Cash management refers to a broad area of finance involving the collection, handling, and usage of cash. It involves assessing market liquidity, cash flow, and investments.
An overdraft occurs when money is withdrawn from a bank account and the available balance goes below zero. In this situation the account is said to be "overdrawn". If there is a prior agreement with the account provider for an overdraft, and the amount overdrawn is within the authorized overdraft limit, then interest is normally charged at the agreed rate. If the negative balance exceeds the agreed terms, then additional fees may be charged and higher interest rates may apply.

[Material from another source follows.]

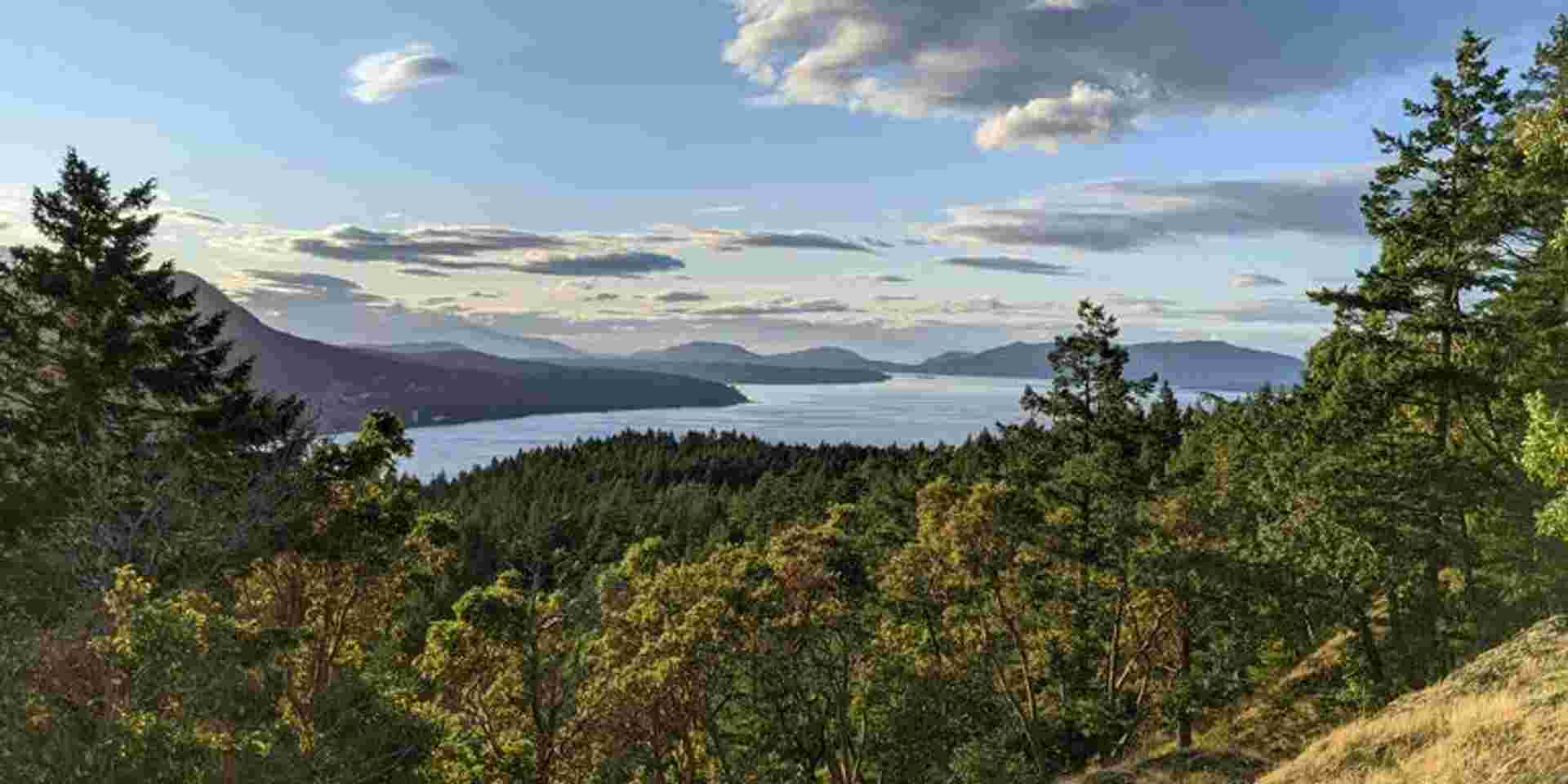 Vancouver Island: Victoria, the Broken Group Islands & Salt Spring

Payment cards are part of a payment system issued by financial institutions, such as a bank, to a customer that enables its owner to access the funds in the customer's designated bank accounts, or through a credit account and make payments by electronic funds transfer and access automated teller machines (ATMs). Such cards are known by a variety of names including bank cards, ATM cards, MAC, client cards, key cards or cash cards.
A bank statement is an official summary of financial transactions occurring within a given period for each bank account held by a person or business with a financial institution. Such statements are prepared by the financial institution, are numbered and indicate the period covered by the statement, and may contain other relevant information for the account type, such as how much is payable by a certain date. The start date of the statement period is usually the day after the end of the previous statement period.
In accounting, reconciliation is the process of ensuring that two sets of records are in agreement. Reconciliation is used to ensure that the money leaving an account matches the actual money spent. This is done by making sure the balances match at the end of a particular accounting period.
A foreign exchange hedge is a method used by companies to eliminate or "hedge" their foreign exchange risk resulting from transactions in foreign currencies. This is done using either the cash flow hedge or the fair value method. The accounting rules for this are addressed by both the International Financial Reporting Standards (IFRS) and by the US Generally Accepted Accounting Principles as well as other national accounting standards.
A credit card is a payment card issued to users (cardholders) to enable the cardholder to pay a merchant for goods and services based on the cardholder's promise to the card issuer to pay them for the amounts plus the other agreed charges. The card issuer creates a revolving account and grants a line of credit to the cardholder, from which the cardholder can borrow money for payment to a merchant or as a cash advance.
A bank is a financial institution that accepts deposits from the public and creates credit. Lending activities can be performed either directly or indirectly through capital markets. Due to their importance in the financial stability of a country, banks are highly regulated in most countries. Most nations have institutionalized a system known as fractional reserve banking under which banks hold liquid assets equal to only a portion of their current liabilities. In addition to other regulations intended to ensure liquidity, banks are generally subject to minimum capital requirements based on an international set of capital standards, known as the Basel Accords.
A joint account is a bank account that has been opened by two or more individuals or entities. Joint accounts are commonly opened by close relatives or by business partners, but it can be used in other circumstances, such as by a club committee.
A deposit account is a savings account, current account or any other type of bank account that allows money to be deposited and withdrawn by the account holder. These transactions are recorded on the bank's books, and the resulting balance is recorded as a liability for the bank and represents the amount owed by the bank to the customer. Some banks may charge a fee for this service, while others may pay the customer interest on the funds deposited.